I've been having a good-natured disagreement with Heidi Miller about the concept of Fair Use. She had, in a recent podcast, a lawyer asserting that every second of every created piece, no matter what, required permission, and that "Fair Use" was "only" a defense, not a right. As a long-time media producer, this didn't ring true to me, and so I was pretty excited when the recent edition of On the Media addressed it. In fact, they led me to an entire comic book written by Duke Law Professors on the subject (much easier to grasp for those of us who are visual learners, and an exercise in Fair Use itself).

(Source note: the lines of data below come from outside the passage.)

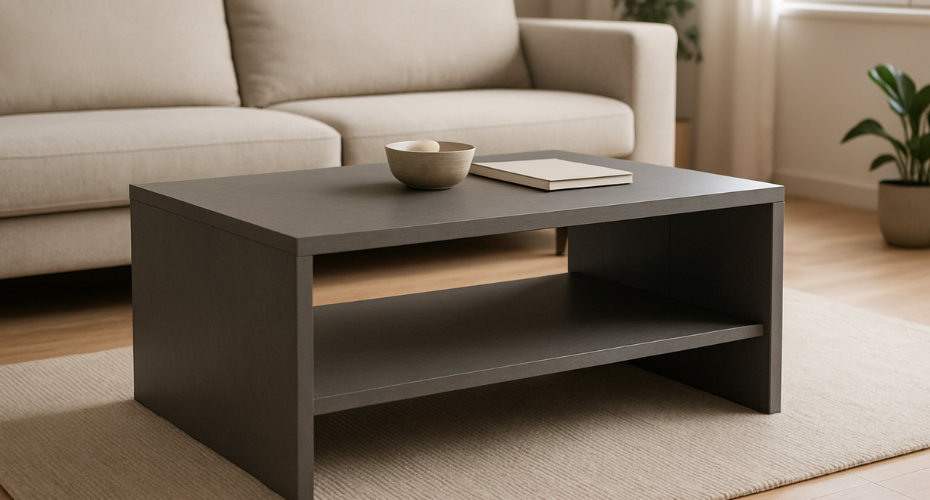 Table basse sur mesure menuikit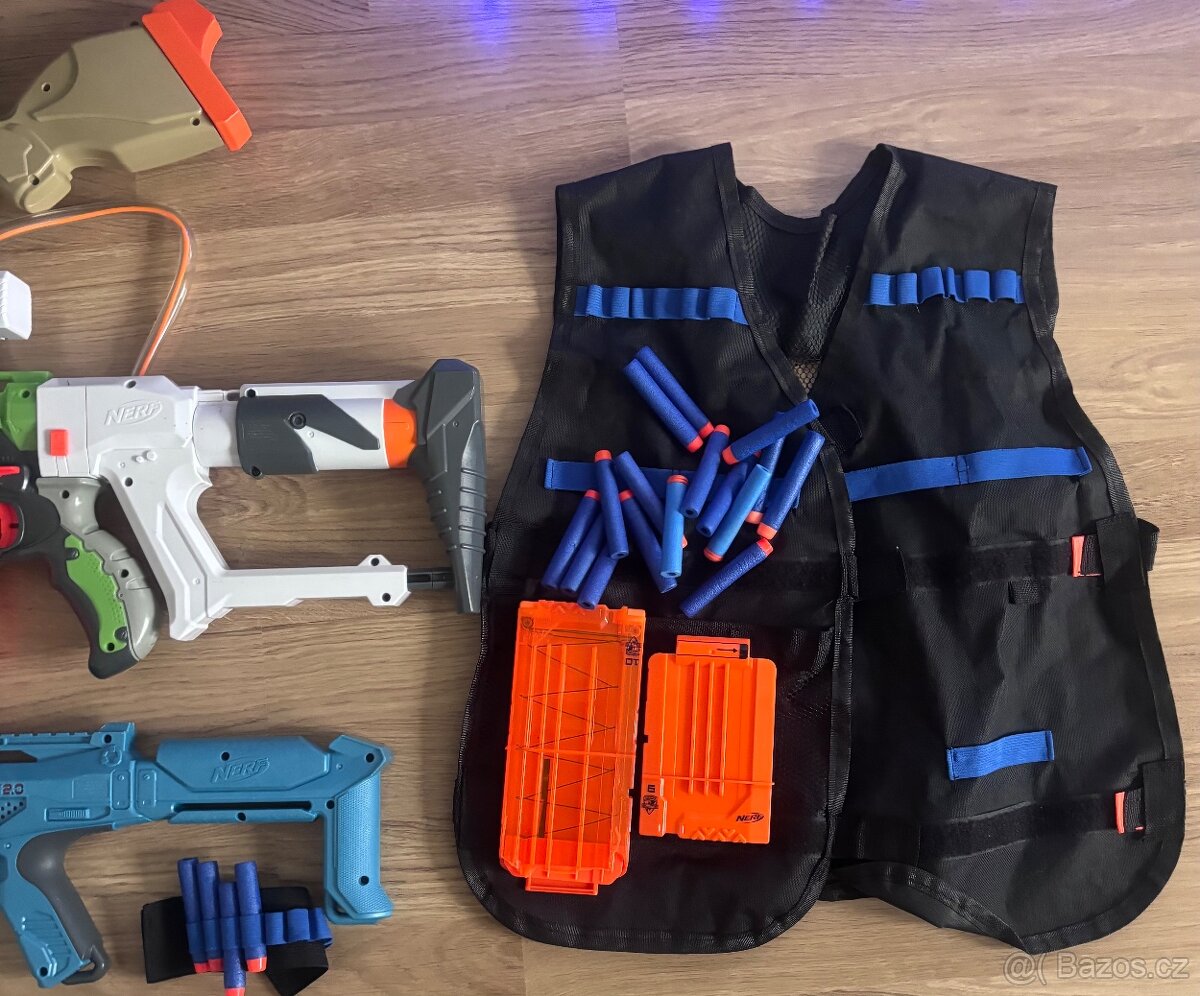 Nerf pistole - 2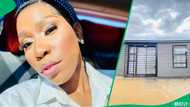 Woman turns shack into stylish home, South Africans are inspired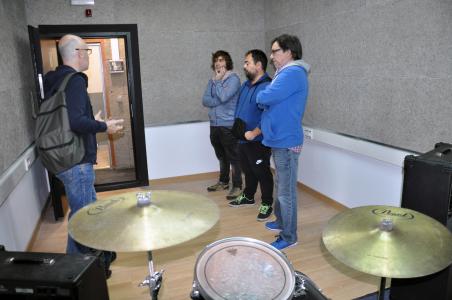Es presenta la reforma dels locals municipals d'assaig -Imatge 1-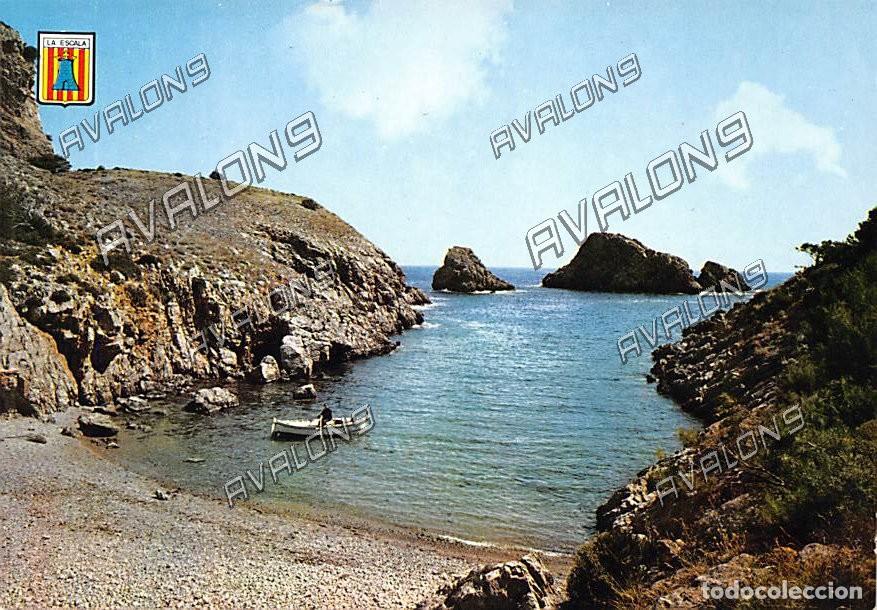 Postales: La Escala en Costa Brava (Gerona) - Sin Circular - 1962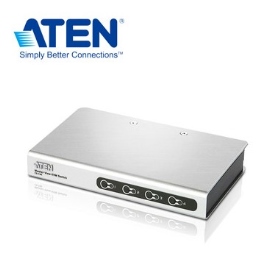 ATEN 4埠 PS/2 KVM 多電腦切換器 (CS74E)
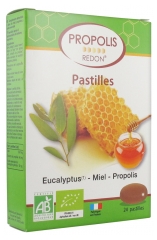 Pastilles Gorge Propolis Eucalyptus Miel Bio 24 unit&eacute;s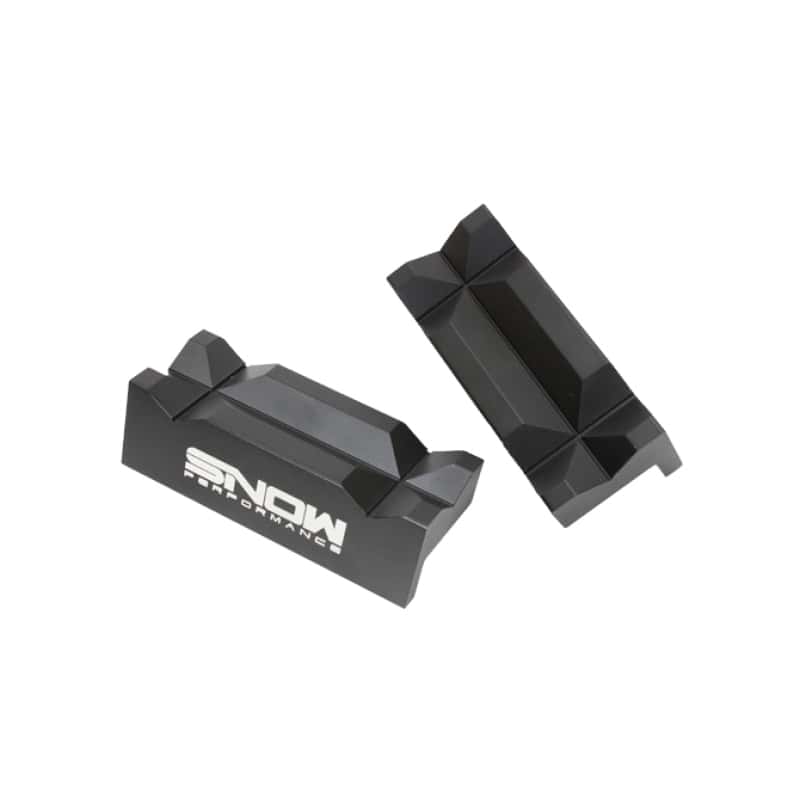 Snow Performance — Snow Performance Billet Aluminum Vise Jaws (Pair) - view 1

The whole thing is worth a read, but the part that I found most supportive came in the afterword:
"To be fair, in many-perhaps most-cases these demands for payment or clearance have nothing to do with copyright law as it stands. Instead, they are a manifestation of a "permissions culture" premised on the belief that copyright gives its owners the right to demand payment for every type of useage, no matter its length, or its purpose, or the context in which it is set. But that is not, and never has been the law."
They also specifically include podcasting in their overview of why Fair Use is essential to the continuing documentation of our culture.
As an artist, I tend to be pretty free with my work, as long as I'm credited--I do not expect to get rich from my art, I simply want the freedom to continue to make it. Fair Use, I argue, is, in fact, a right--not a weaselish way to get out of paying for money. It's also a requirement, I feel, to hold people accountable for the things they say--if I do not have the ability to let you hear the latest lie from [Right Wing Pundit] in my effort to disprove it, then it severely diminishes free speech in general.